Stability analysis of fuzzy control systems.

S G Cao1, N W Rees, G Feng

  • 1Dept. of Syst. & Control, New South Wales Univ., Sydney, NSW.

IEEE Transactions on Systems, Man, and Cybernetics. Part B, Cybernetics : a Publication of the IEEE Systems, Man, and Cybernetics Society
|January 1, 1996
PubMed
Summary

This study introduces a discrete-time fuzzy control system for enhanced stability.
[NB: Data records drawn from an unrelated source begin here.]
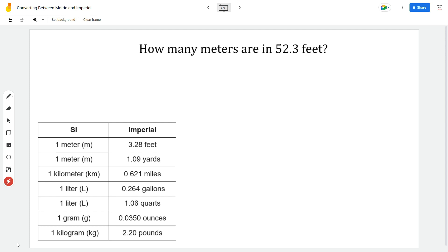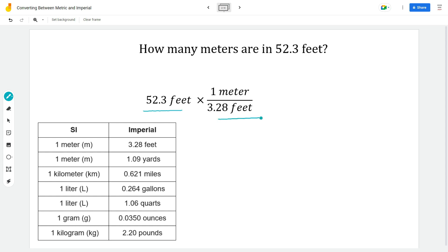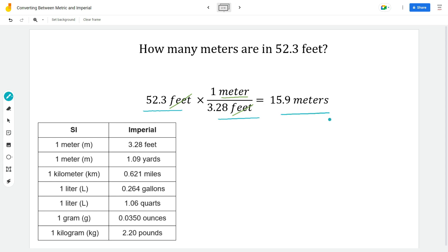This problem reads: how many meters are in 52.3 feet? Meters is a metric unit, feet is an imperial unit. So let's first find our conversion factor between meters and feet — it is our first conversion factor on the table. I like to start with the number the problem gave me: 52.3 feet. I set up my conversion factor with feet in the denominator so it cancels, leaving me with meters. Putting 52.3 divided by 3.28 in my calculator gives me 15.9 meters.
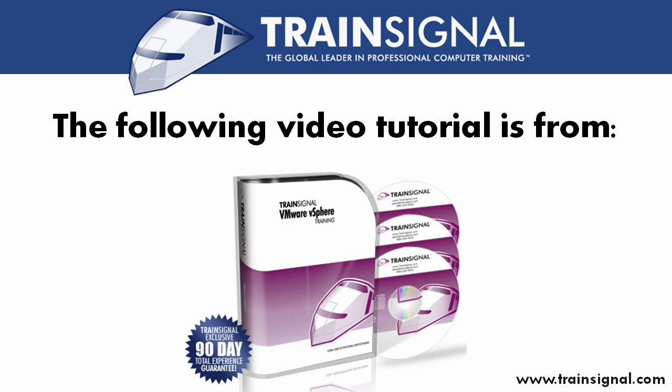The following video clip is from TrainSignal's VMware vSphere training course, featuring nearly 18 hours of training from a certified VMware vExpert.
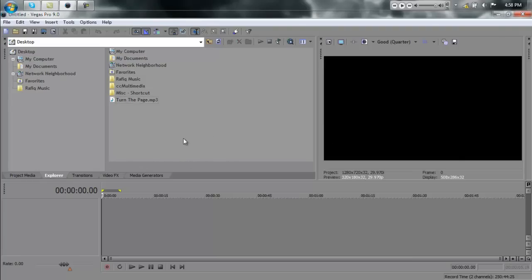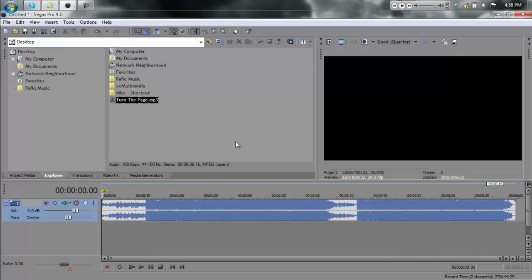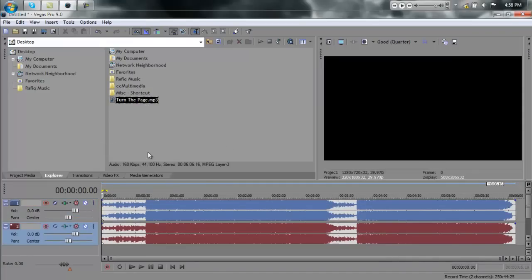First off, you want to get the song that you want to use. I'm using Turn the Page by Metallica. And you want to drag it in twice or duplicate it, just so that you have two over the same track.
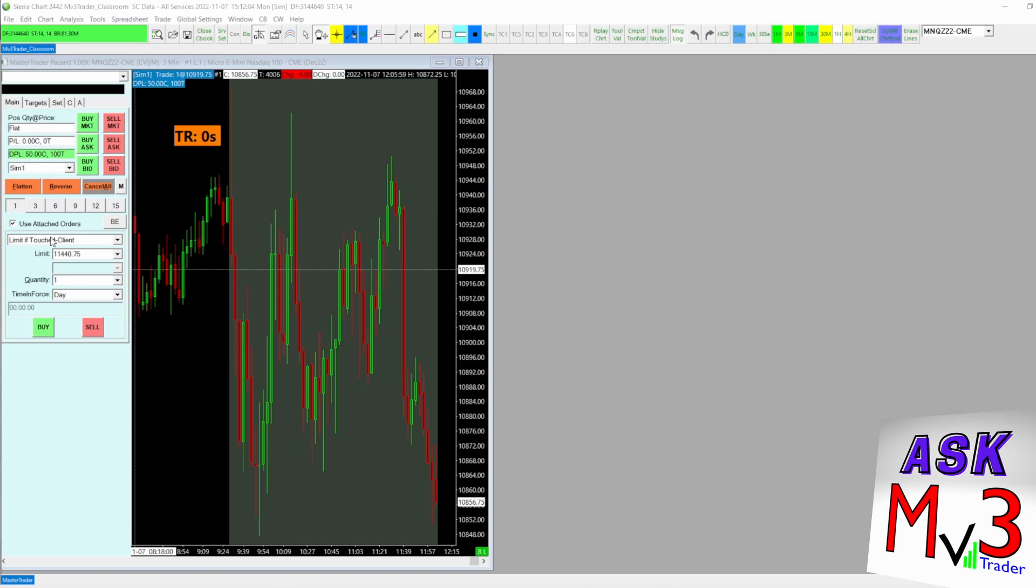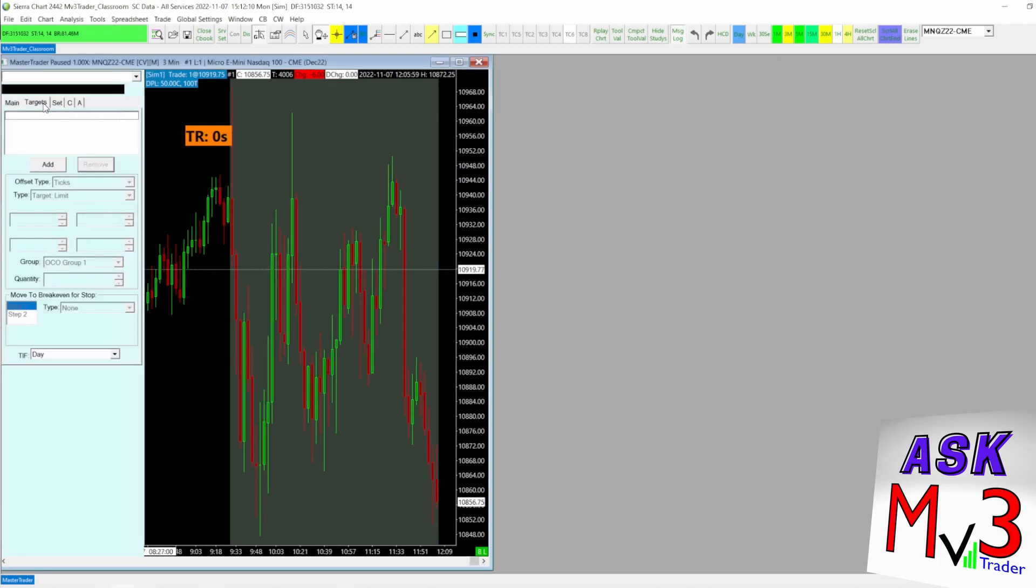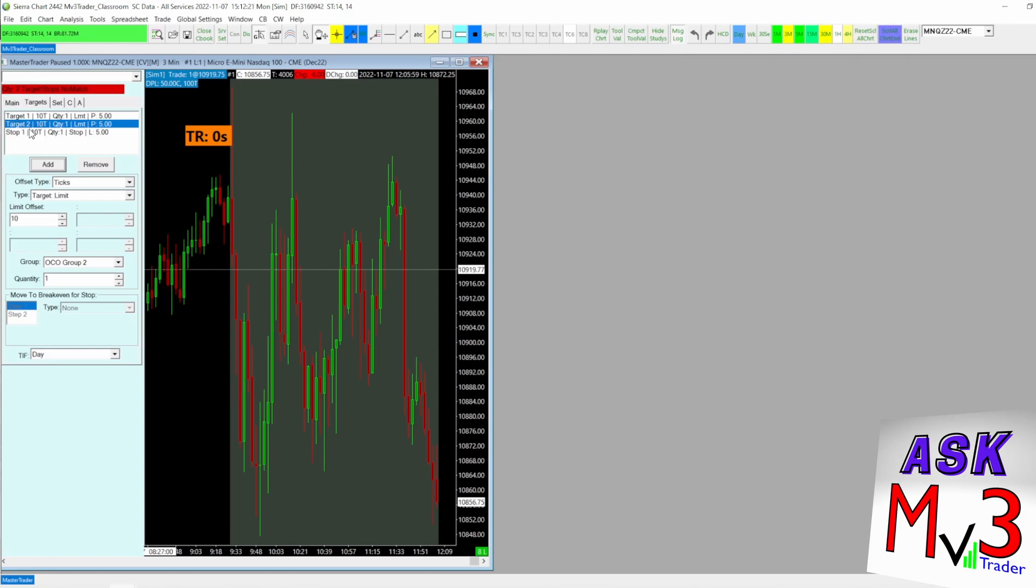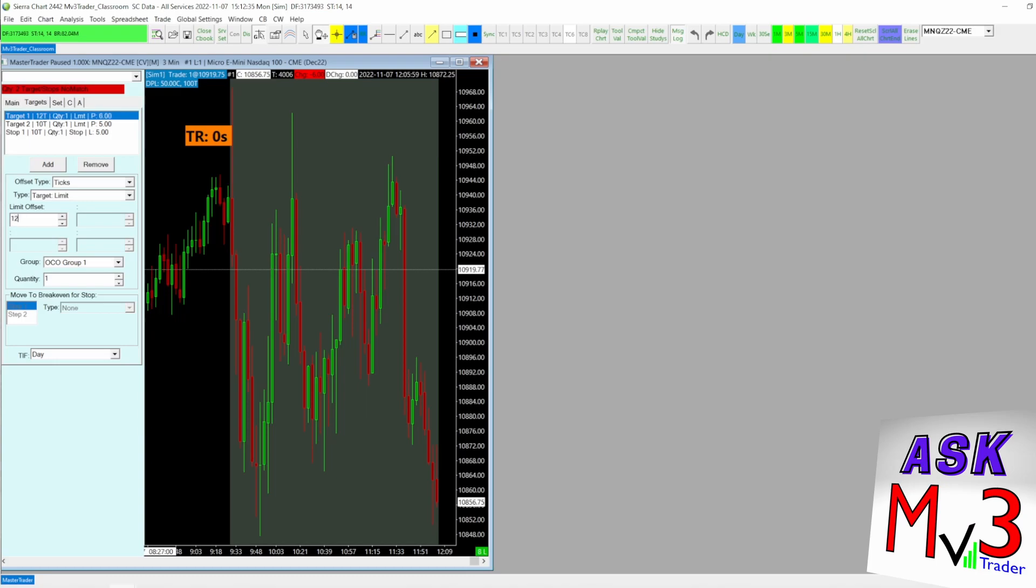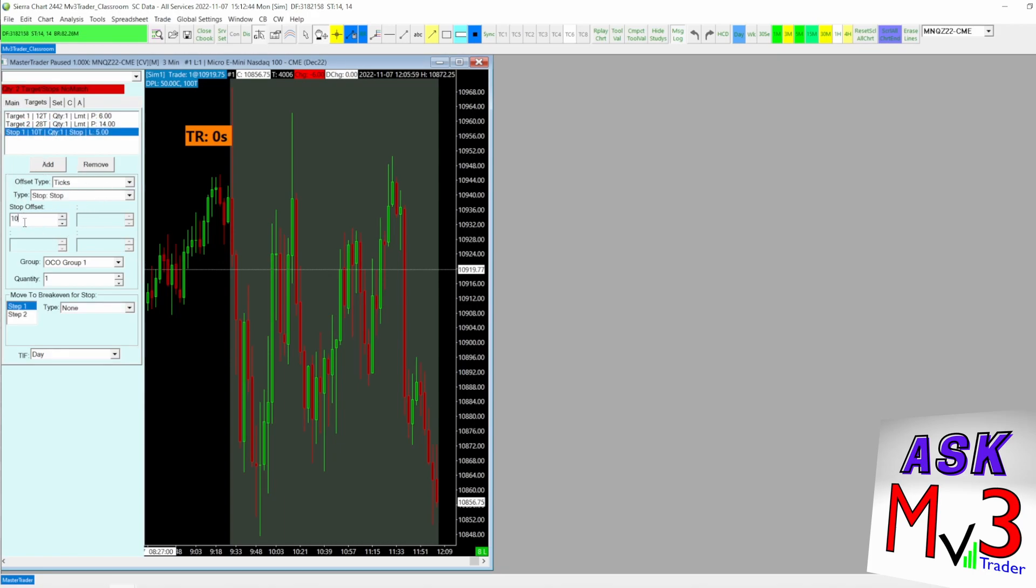To set up this trailing stop loss with these OCOs and for it to work correctly, what I would do first is go to target. I'm just going to add everything in at once because it's a simple setup. So you have target one, target two, and then your stop loss. Target one at 12 ticks and target two at 28 ticks. I covered all that in the other video. And then this offset, I'm going to set at 60 so we have enough time to see everything.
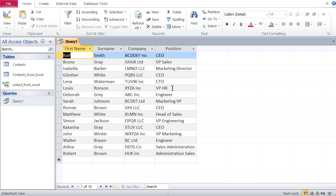Here we have to use something called a wildcard. In Access there are two wildcards: the star (*) and the question mark (?). The star is a wildcard for any number of characters. When searching for 'sales', I don't know whether the word appears at the end, the beginning, or somewhere in the middle.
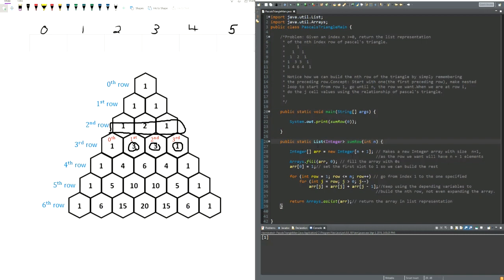It's a pretty short method. We're going to be returning a list of integer type and we're taking an n, which is the row we're looking for. We're just going to create an integer array and give it the size of n plus one. If you look at Pascal's triangle, the size of our nth row is simply n plus one. So our zeroth row is just going to have size one — zero plus one is one. Our first one is going to be one plus one.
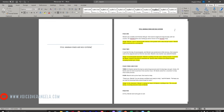It was the first day of second grade and Mariah was excited and a little nervous. She hung her coat on her peg and went to find her new desk. Mariah's new teacher was called Mr. Beetle. Mr. Beetle started the day by welcoming everyone and introducing a new girl, Carly. Mr. Beetle said she had moved here from another town. Mr. Beetle asked for a volunteer to help show Carly around. Mariah shot up her hand — she'd love to help.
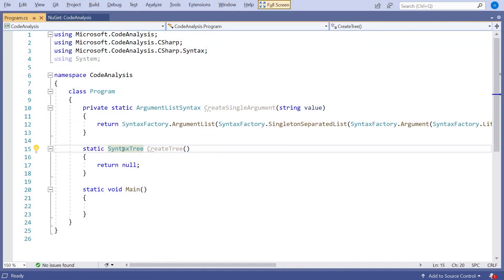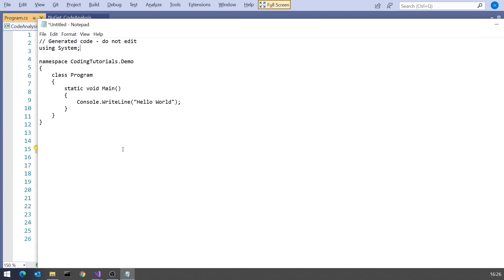A few videos back we looked at a design pattern called the composite pattern, which is for putting together tree structures. That's exactly the pattern used here in this syntax tree. At the root we've got the compilation unit itself. Then inside there we've got elements for the comment, the using system, and the namespace. Inside the namespace we've got the program class, inside that main, and inside main we've just got the one statement. The gang of four also defined a separate pattern known as interpreter, which really is this — the composite pattern applied to language structures.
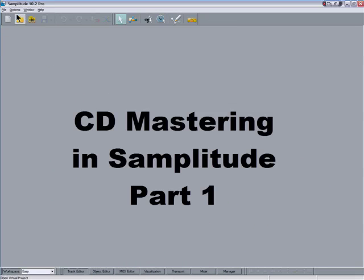So in this tutorial I'm going to show you how to burn a CD in Samplitude and prepare it to be sent off for manufacturing.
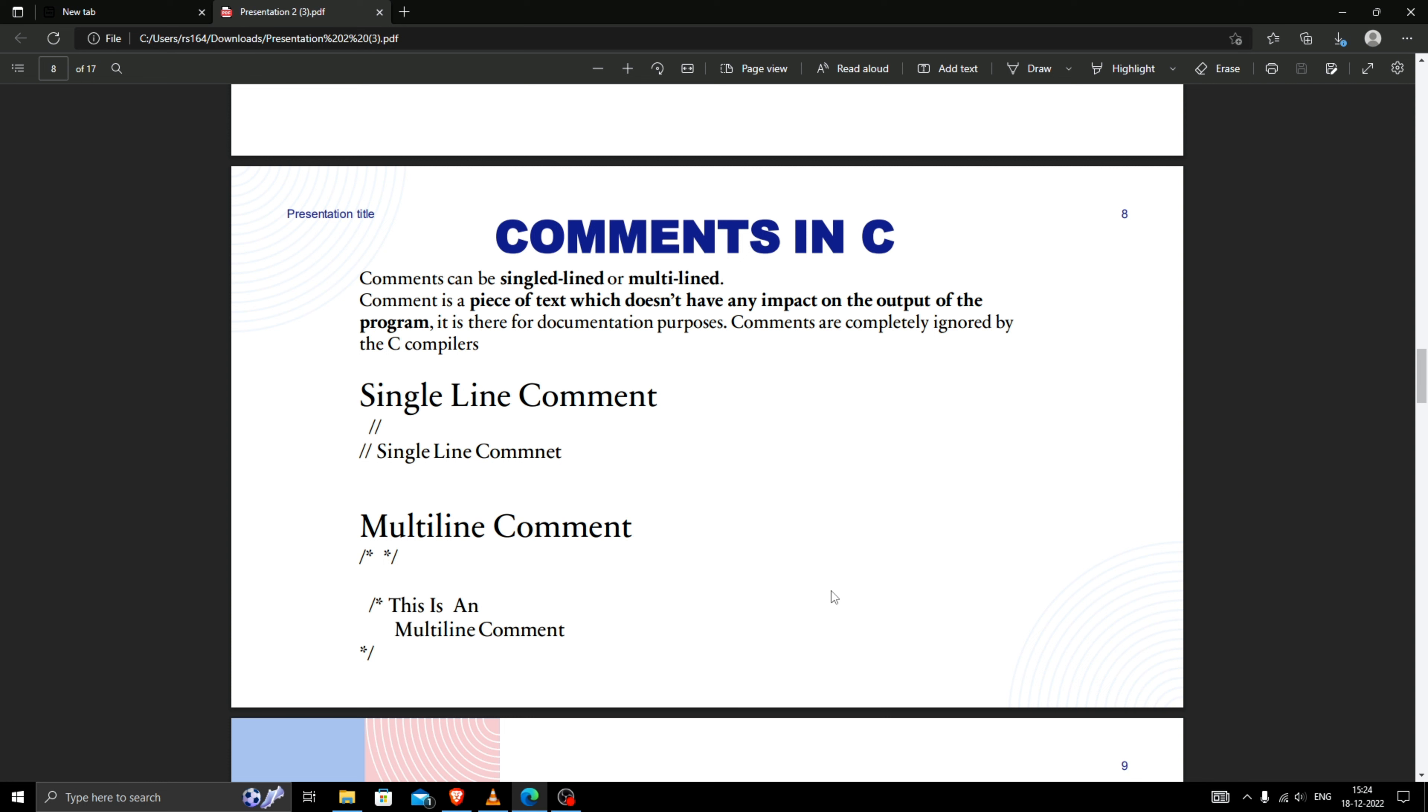To understand comments, let's see an example. As you can see on the screen, the definition: a comment is a piece of text which does not have any impact on the output program. It is there for documentary purposes. Comments are completely ignored by C compilers, which means that whatever you write inside a comment, the compiler does not execute that code. To understand this better, I will give you one more example.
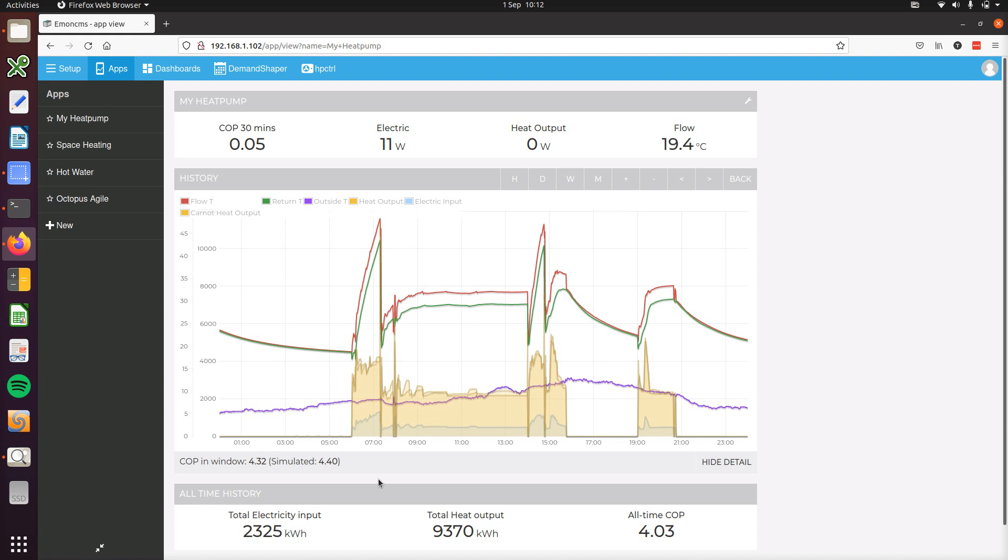It works surprisingly well really, and it can give you that insight if you don't have the heat metering installed. You can use that to get an idea of how efficiently your heat pump might be running.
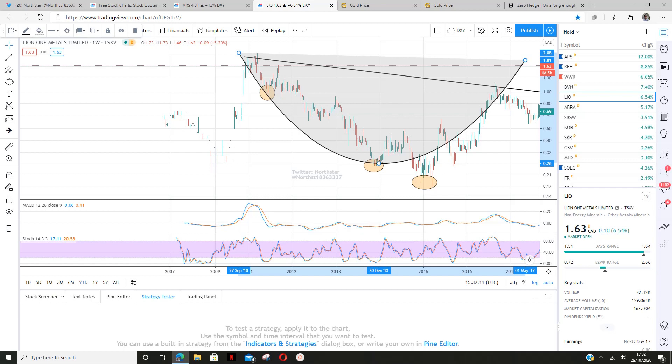Hello everybody. I thought I'd take this opportunity just to show you how I use ARCs to help with price prediction. We've got a stock here called Lion One Metals. It doesn't really matter what stock it is — all you really need to look at is the price action.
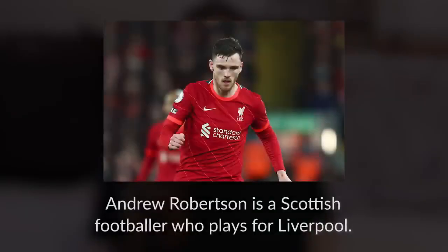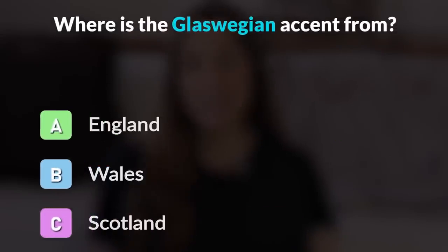The Glaswegian accent comes from Glasgow in Scotland. Andrew Robertson is a Scottish footballer who plays for Liverpool. Where is the Glaswegian accent from? England, Wales, or Scotland?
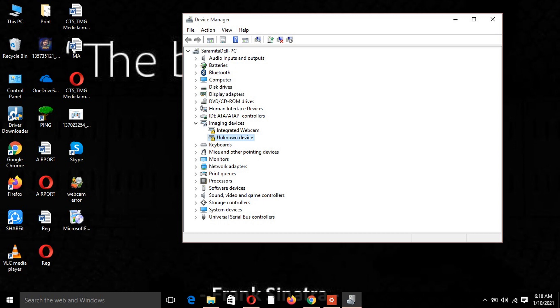Go back to Device Manager and navigate to Sound, Video, and Game Controllers. Right-click on your audio driver and select Update Driver.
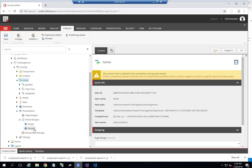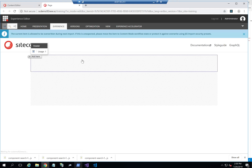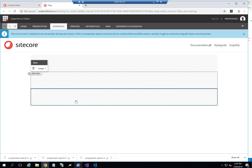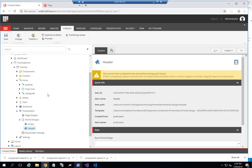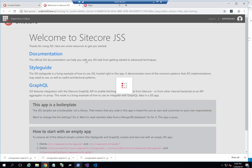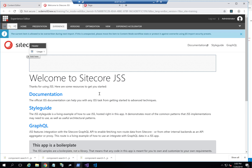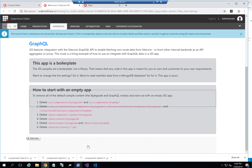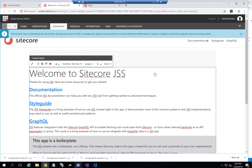Now it's completed. Let me open an empty partial design called header, and we can see that we now have three placeholders here: header, main, and footer. If we open it in the experience editor, we can see that the header has been added, the footer has been added, and the main is what we already had — it already had content.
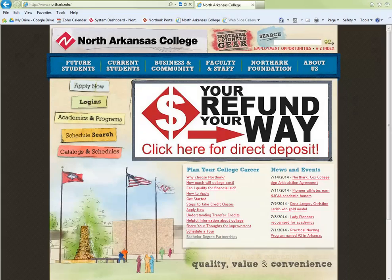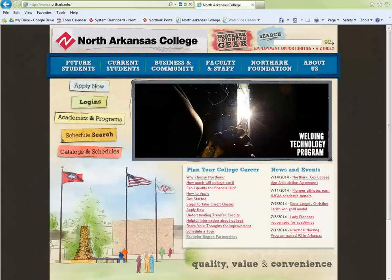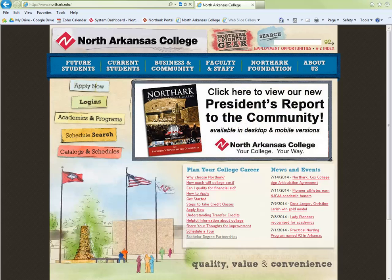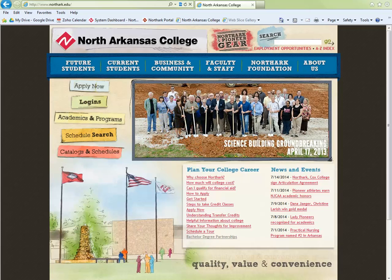The academic calendar has all important dates regarding your courses. To find a specific date, for example a drop date or the date to change from a credit to an audit, you'll want to click the catalogs and schedules from the NorthArk homepage.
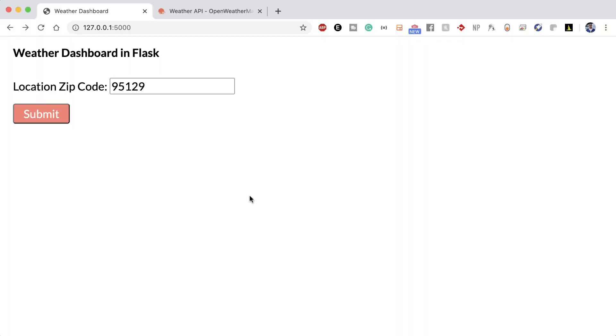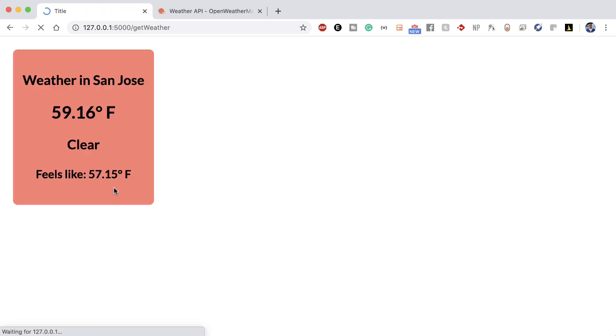Here's a quick demo of the final product. Here I have a simple input field asking for the zip code. I'll go ahead and enter my zip code in, hit submit, and now I can use the OpenWeather API to render the results of the area.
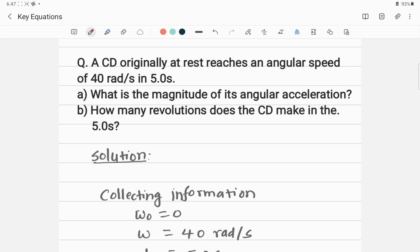A CD originally at rest reaches an angular speed of 40 radians per second in 5.0 seconds. What is the magnitude of its angular acceleration? How many revolutions does the CD make in the 5.0 seconds?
The proposed method provides a sufficient condition for system stability, improving upon previous findings.

Related Experiment Videos

Area of Science:

  • Control Systems Engineering
  • Fuzzy Logic Theory
  • Nonlinear System Analysis

Background:

  • Fuzzy control systems offer advantages in handling nonlinearities and uncertainties.
  • Ensuring the stability of discrete-time fuzzy control systems is crucial for reliable operation.
  • Previous stability criteria for such systems have limitations.

Purpose of the Study:

  • To propose a novel discrete-time fuzzy control system.
  • To develop a sufficient condition for guaranteeing the stability of the proposed fuzzy control system.
  • To improve upon existing stability analysis methods for fuzzy control systems.

Main Methods:

  • Design of a discrete-time fuzzy control system comprising a dynamic fuzzy model and a fuzzy state feedback controller.
  • Application of uncertain linear system theory to derive stability conditions.
  • Comparative analysis with previous stability results.

Main Results:

  • A novel discrete-time fuzzy control system is successfully proposed.
  • A sufficient condition for the stability of the fuzzy control system is derived.
  • The proposed stability condition offers improvements over previous results.

Conclusions:

  • The developed discrete-time fuzzy control system is stable under the given conditions.
  • The new stability criterion enhances the predictability and reliability of fuzzy control systems.
  • The effectiveness of the proposed method is demonstrated through an illustrative example.